### DataFrames basics

For a complete overview see the official documentation at `https://juliadata.github.io/DataFrames.jl/stable/`

In [None]:
using DataFrames

DataFrame construction

In [None]:
cars = DataFrame(brand = ["Volvo", "Volkswagen", "Škoda"], motor = [2.0, 1.6, 1.3], doors = [3, 5, 5])

indexing like a matrix - not so useful

In [None]:
cars[2:3, 1:2]

list of column names - you can use this to iterate over columns

In [None]:
names(cars)

column names as symbols

In [None]:
propertynames(cars)

getting a column - is a vector

In [None]:
cars.brand

In [None]:
cars[!,"brand"]

In [None]:
cars[!,:brand]

getting multiple columns - is a DataFrame

In [None]:
cars[:,[:brand, :motor]]

getting a row - is a DataFrameRow

In [None]:
cars[1,:]

multiple rows - is a DataFrame

In [None]:
cars[1:2, :]

adding a column to an existing df

In [None]:
cars[:,:country] = ["Sweden", "Germany", "Czech Republic"];
cars

adding a row to an existing df

In [None]:
push!(cars, ["Fiat", 1.0, 3, "Italy"])
push!(cars, ["Chrysler", 2.4, 5, "USA"])

produces a df that contains a summary for columns of the argument

In [None]:
describe(cars)

Iterating over rows of a DataFrame

In [None]:
row_stats(r::DataFrameRow) = println("A $(r.brand) with $(r.doors) doors and a $(r.motor)l motor.")

In [None]:
map(row_stats, eachrow(cars));

#### A small join example

In [None]:
brands = DataFrame(parent = ["Fiat", "Volkswagen", "Volkswagen", "Geely", "Fiat"], brand = ["Fiat", "Volkswagen", "Škoda", "Volvo", "Chrysler"])

In [None]:
cars = leftjoin(cars, brands, on = :brand)

Sorting

In [None]:
sort(cars, [:doors, :motor], rev=true)

Filtering

In [None]:
filter(r-> r[:doors] > 3 && r[:motor] < 2, cars)

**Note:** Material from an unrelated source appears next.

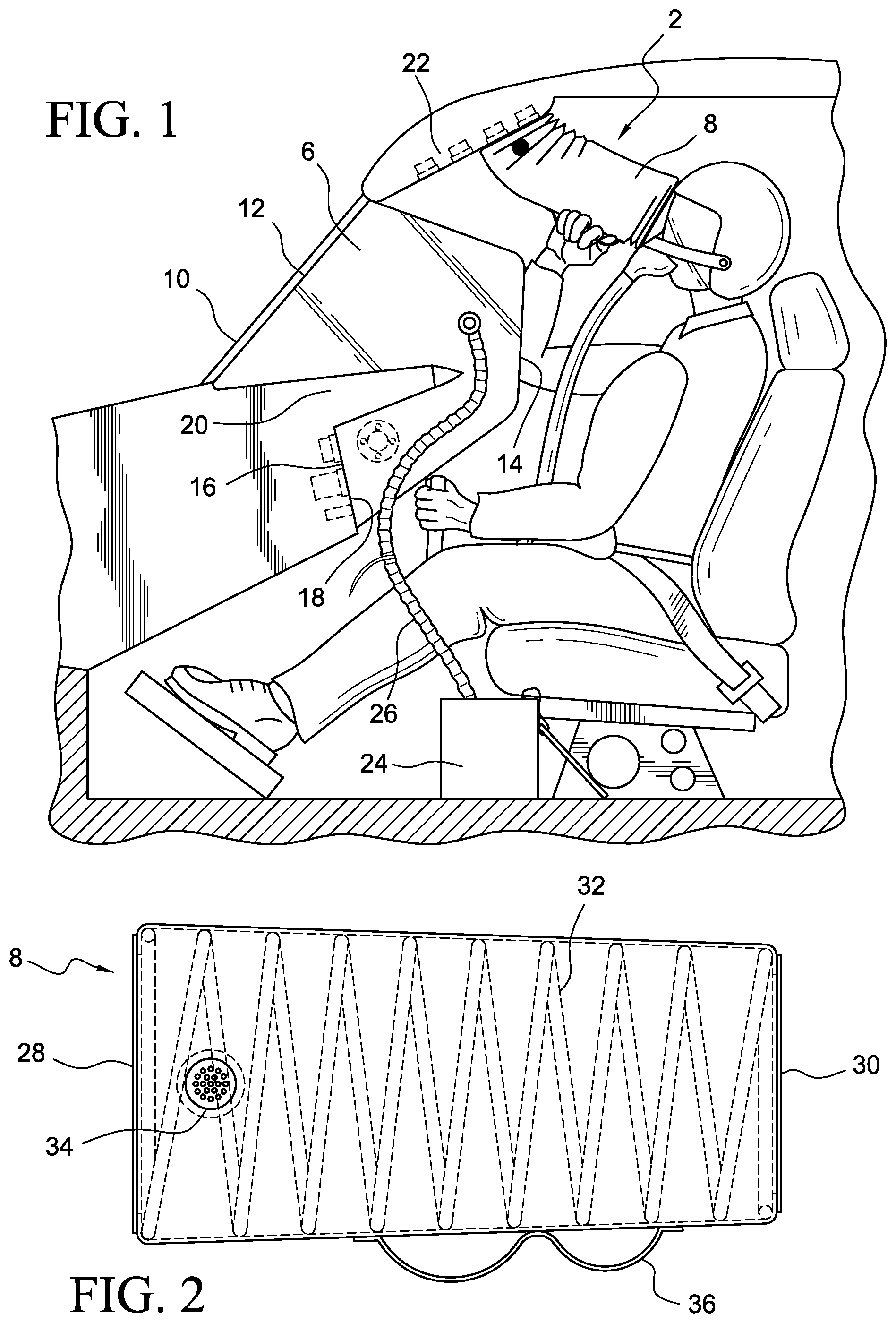 Patent US12097964 Figure 1 – Emergency vision system with fixed and hand-held enclosures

### A simple ML experiment

Load experimental data, from multiple experiments, merge them into one big DataFrame, average performance over folds and look for the best model. The script that was used to generate the data using the `MLJ` package is `generate_dataframes.jl`.

This is a folder where the data is saved

In [None]:
savepath = "./data"
files = readdir(savepath)

In [None]:
using CSV # for data reading
using Statistics # for averaging
results = map(x->CSV.read(joinpath(savepath,x)), files)
show(results[1], allcols = true, splitcols=false)

#### Missing values

Any operation on a vector containing a `missing` value results in a `missing` value

In [None]:
mean([1, 2, missing, 3])

Thats why we use skipmissing

In [None]:
mean(skipmissing([1, 2, missing, 3]))

Now we have the DataFrames from individual experiments, let's join them together.

In [None]:
resdf = vcat(results...)
show(resdf, splitcols=false)

Now aggregate them over folds.

In [None]:
agdf = combine(groupby(resdf, [:dataset, :model, :parameters]), names(resdf, Not([:dataset, :model, :parameters])) .=> mean)
show(agdf, allrows=true, splitcols=false)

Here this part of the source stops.